Records contained in a dataset
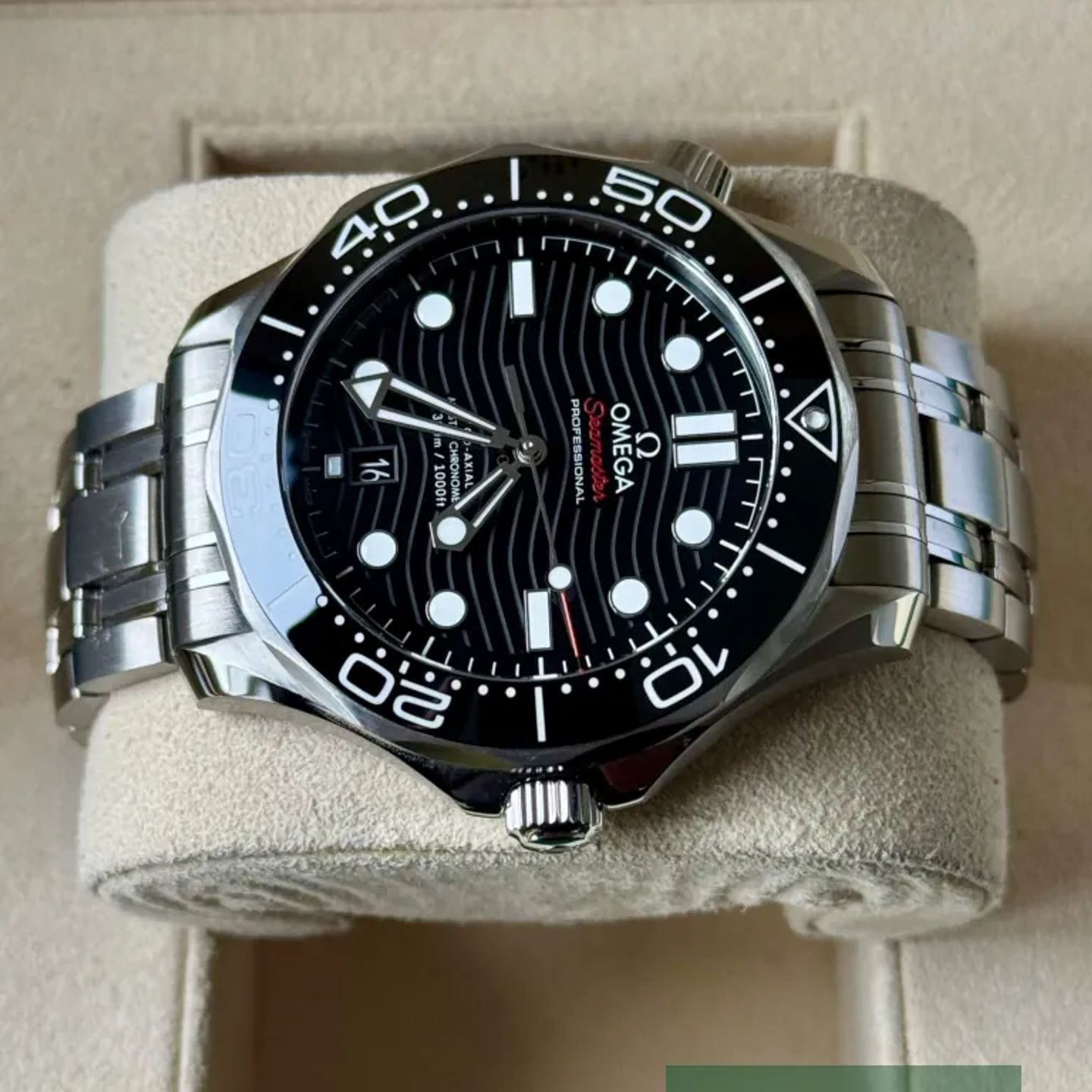 Omega Seamaster Diver 300 M 210.30.42.20.01.001 - (4/7)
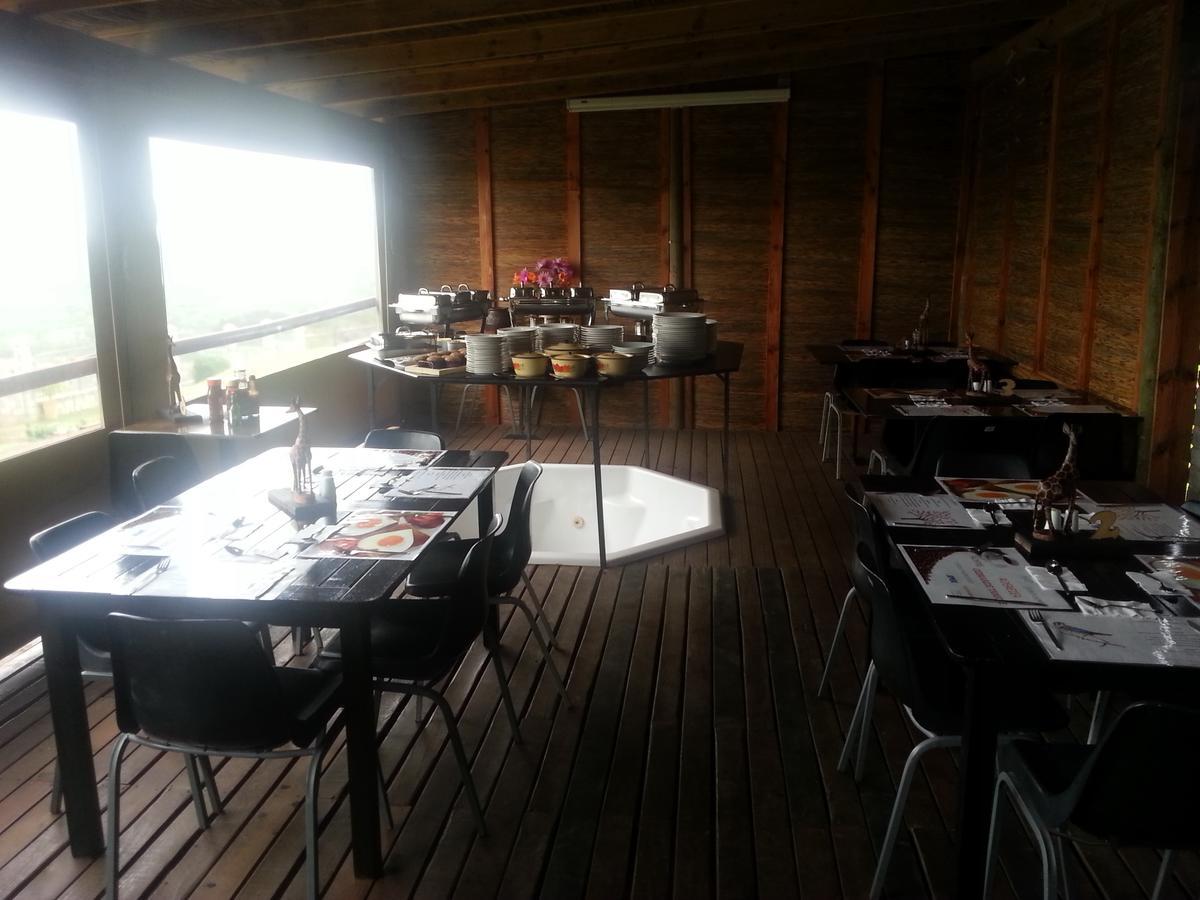 The Hexagon Wildlife Conservation Hotel Uitenhage Екстериор снимка
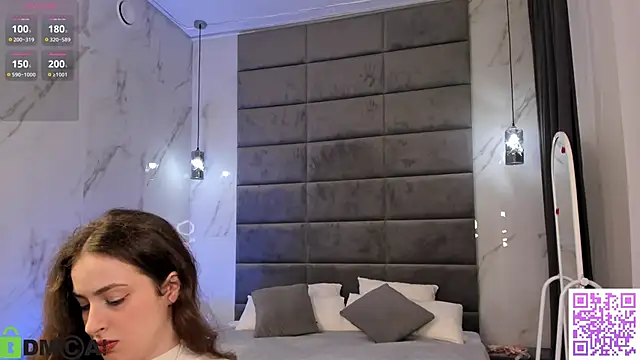 Snapshot of moon_sanny chatting on 7, 5, 2026 moon sanny online show from 7, 5, 2026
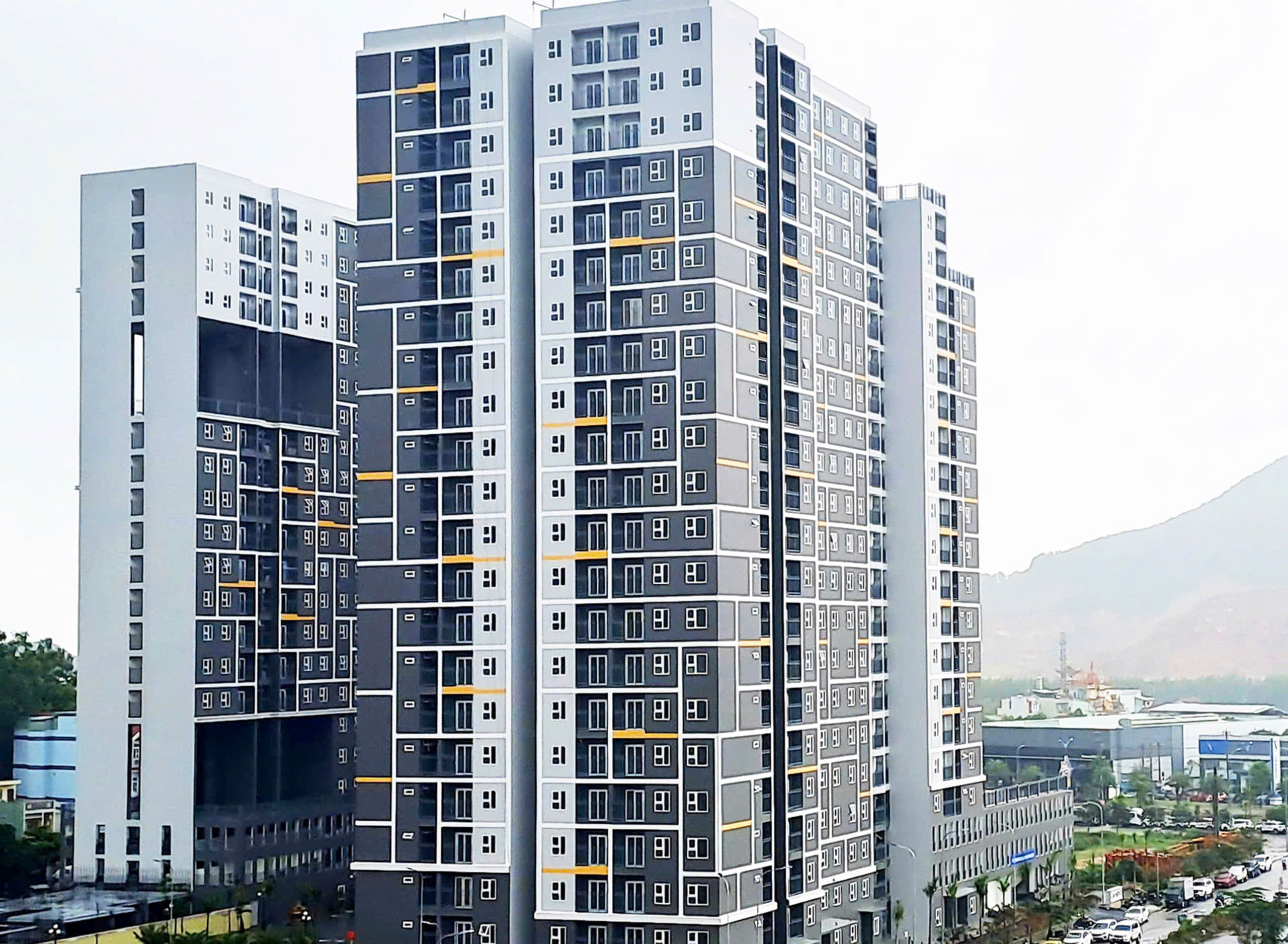 Gia Lai: Hơn 4.400 căn nh&agrave; ở x&atilde; hội ho&agrave;n th&agrave;nh, thị trường bất động sản cơ bản ổn định- Ảnh 2.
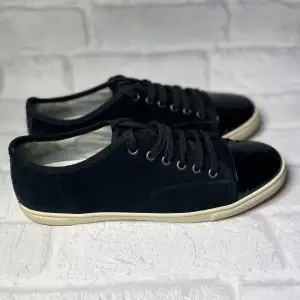 | Sällsynta Lanvin Cap toe skor | Storlek 41 | Riktigt bra skick | Pris 1999 |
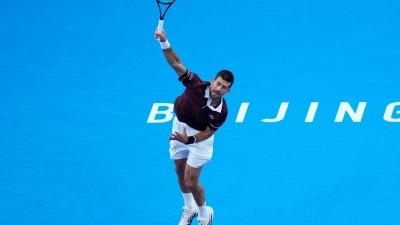 Novak Djokovic gewinnt das Finale in Peking. (Foto: Andy Wong/AP/dpa)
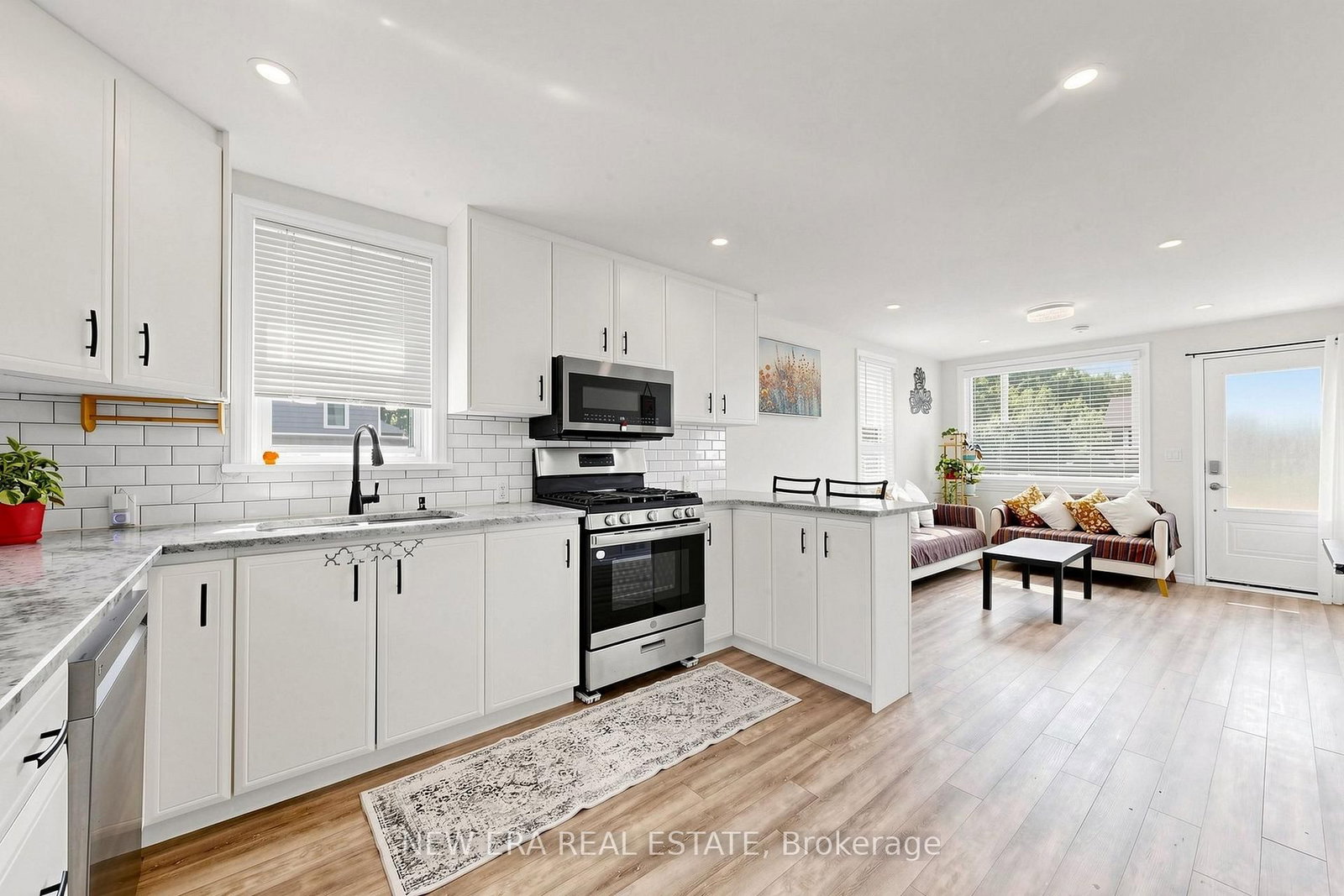 247 Muriel Street • Newmarket, ON photo 11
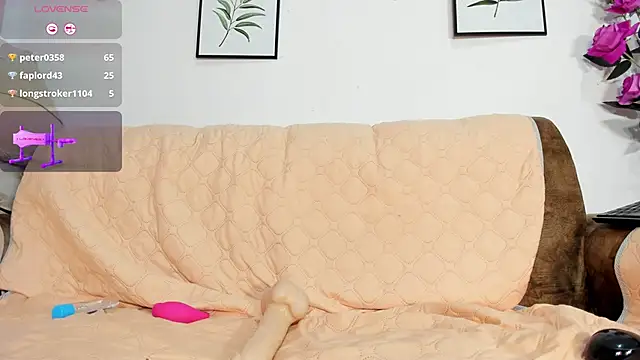 domenicaw - DomenicaW's free webcam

» **Task**:
Could you copy the lines above exactly and skip the images?

» **Answer to the exercise**:
 Omega Seamaster Diver 300 M 210.30.42.20.01.001 - (4/7)
 The Hexagon Wildlife Conservation Hotel Uitenhage Екстериор снимка
 Snapshot of moon_sanny chatting on 7, 5, 2026 moon sanny online show from 7, 5, 2026
 Gia Lai: Hơn 4.400 căn nh&agrave; ở x&atilde; hội ho&agrave;n th&agrave;nh, thị trường bất động sản cơ bản ổn định- Ảnh 2.
 | Sällsynta Lanvin Cap toe skor | Storlek 41 | Riktigt bra skick | Pris 1999 |
 Novak Djokovic gewinnt das Finale in Peking. (Foto: Andy Wong/AP/dpa)
 247 Muriel Street • Newmarket, ON photo 11
 domenicaw - DomenicaW's free webcam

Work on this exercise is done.